抗体部分のイノツズマブがB細胞性急性リンパ性白血病のがん細胞の表面に発現するCD22抗原を標的として結合し、細胞傷害性を有するオゾガマイシンが細胞を破壊することで効果を発揮します。
  
  

リムパーザ錠

成分名:オラパリブ

  • リムパーザ錠100mg
  • リムパーザ錠150mg

効能効果:白金系抗悪性腫瘍剤感受性の再発卵巣癌における維持療法
  
https://www.astrazeneca.co.jp/media/press-releases1/2018/2018011903.html

アストラゼネカ株式会社は本日、「白金系抗悪性腫瘍剤感受性の再発卵巣癌における維持療法」を効能・効果とした「リムパーザ錠」(300mg1日2回投与)の国内における製造販売承認を取得したことをお知らせします。

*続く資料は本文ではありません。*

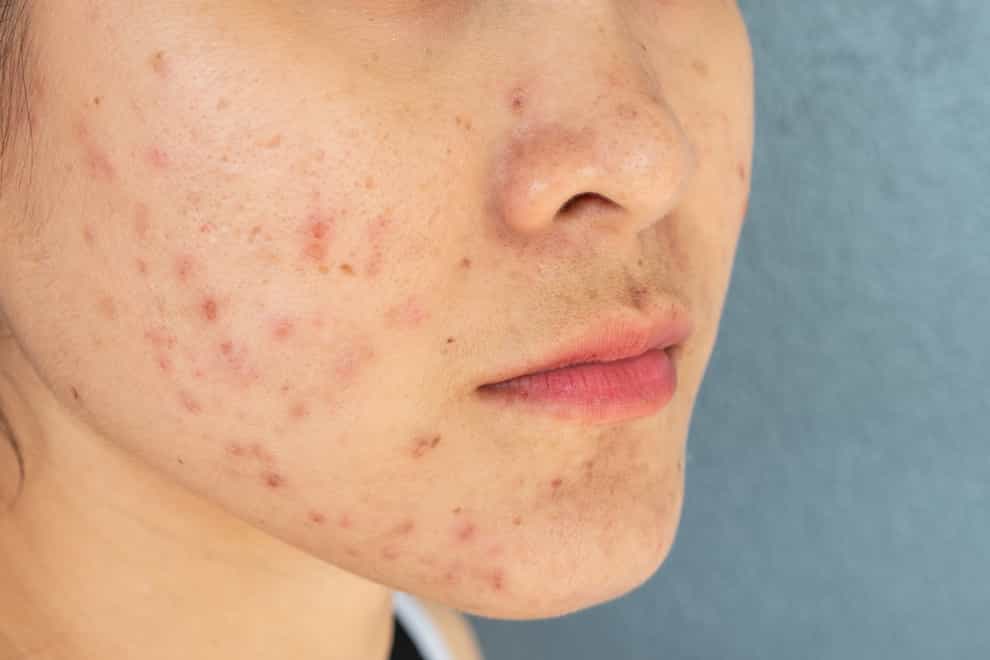 Close-up of woman half face with problems of acne inflammation (Papule and Pustule) on her face.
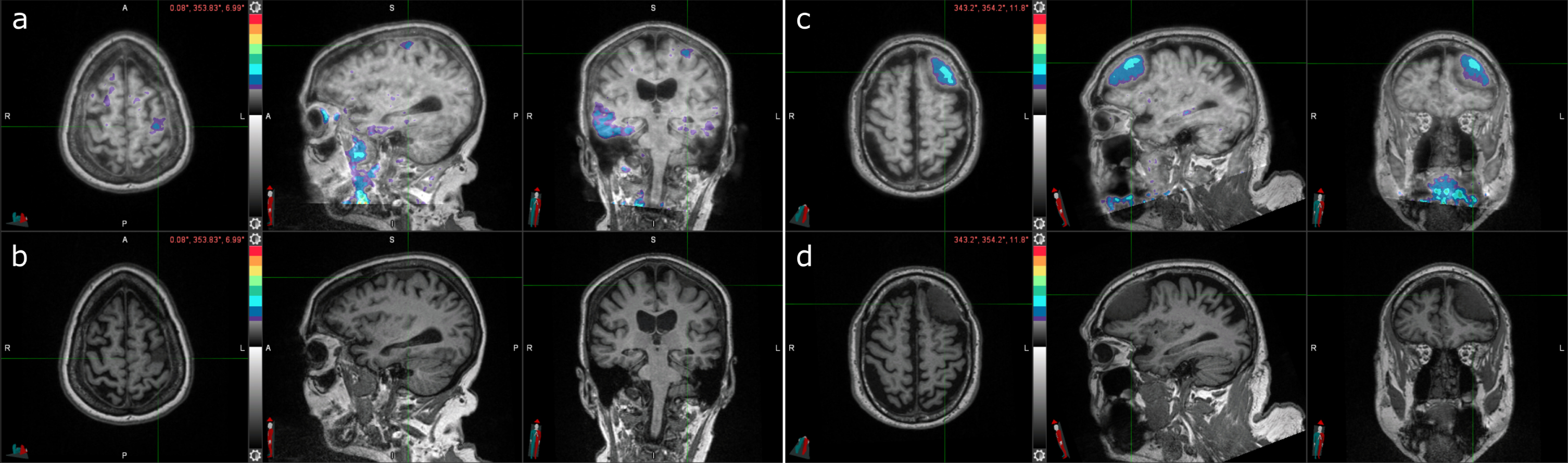 Two cases of incidental meningioma with tau PET uptake. a) Tau PET coregistered with MRI of a female participant in her 70s with a left frontal posterior meningioma (indicated by the crosshair) with tau radiotracer uptake. b) Corresponding MRI image. c) Tau PET coregistered with MRI of a male participant in his 70s with a left frontal meningioma (indicated by the crosshair) with tau radiotracer uptake. d) Corresponding MRI image.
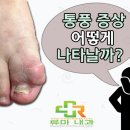 통풍에 해로운 음식 알고 계신가요 이미지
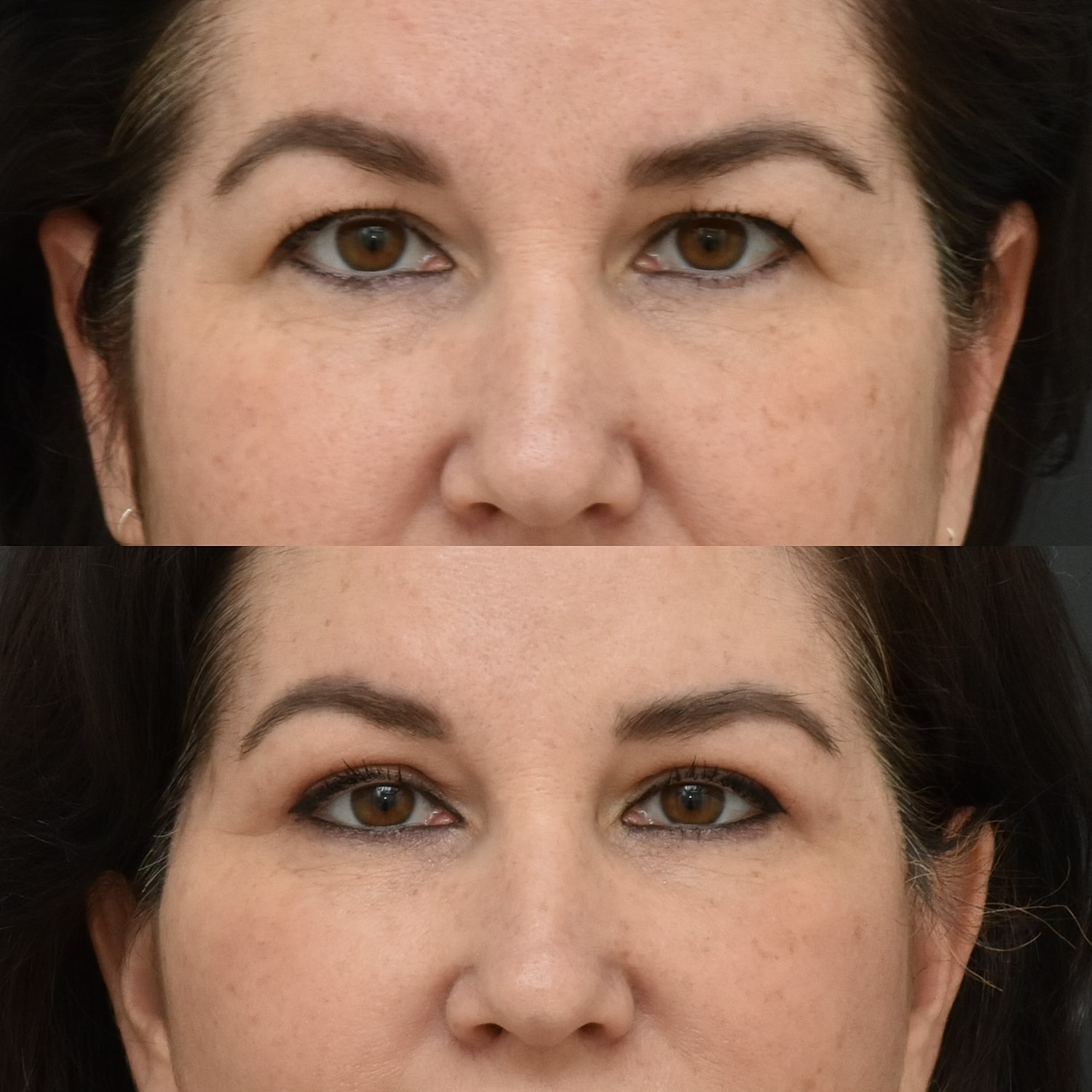 Eyelid Surgery Before & After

リムパーザは、本邦初のポリ(ADP-リボース)ポリメラーゼ(PARP)阻害剤です。

  
リムパーザは世界初のPARP(Poly(ADP-Ribose) Polymerases、ポリ(ADP-リボース)ポリメラーゼ)阻害剤です。
DDR(DNA Damage Response、DNA損傷応答)機能が機能していないがん細胞をターゲットして作用し、細胞死を誘導します。
  

リムパーザ薬価収載前の無償提供

アストラゼネカは、治療選択肢が極めて限られている再発卵巣がん患者さんの緊急の要望に一日も早くお応えするために、厚生労働省の定める「保険外併用療養費制度」のもとで、本剤の無償提供を実施いたします。

素晴らしいですね。
  
  

薬価収載は少し先

薬価収載は4月くらいになるようなので、発売まで少し時間がありますね。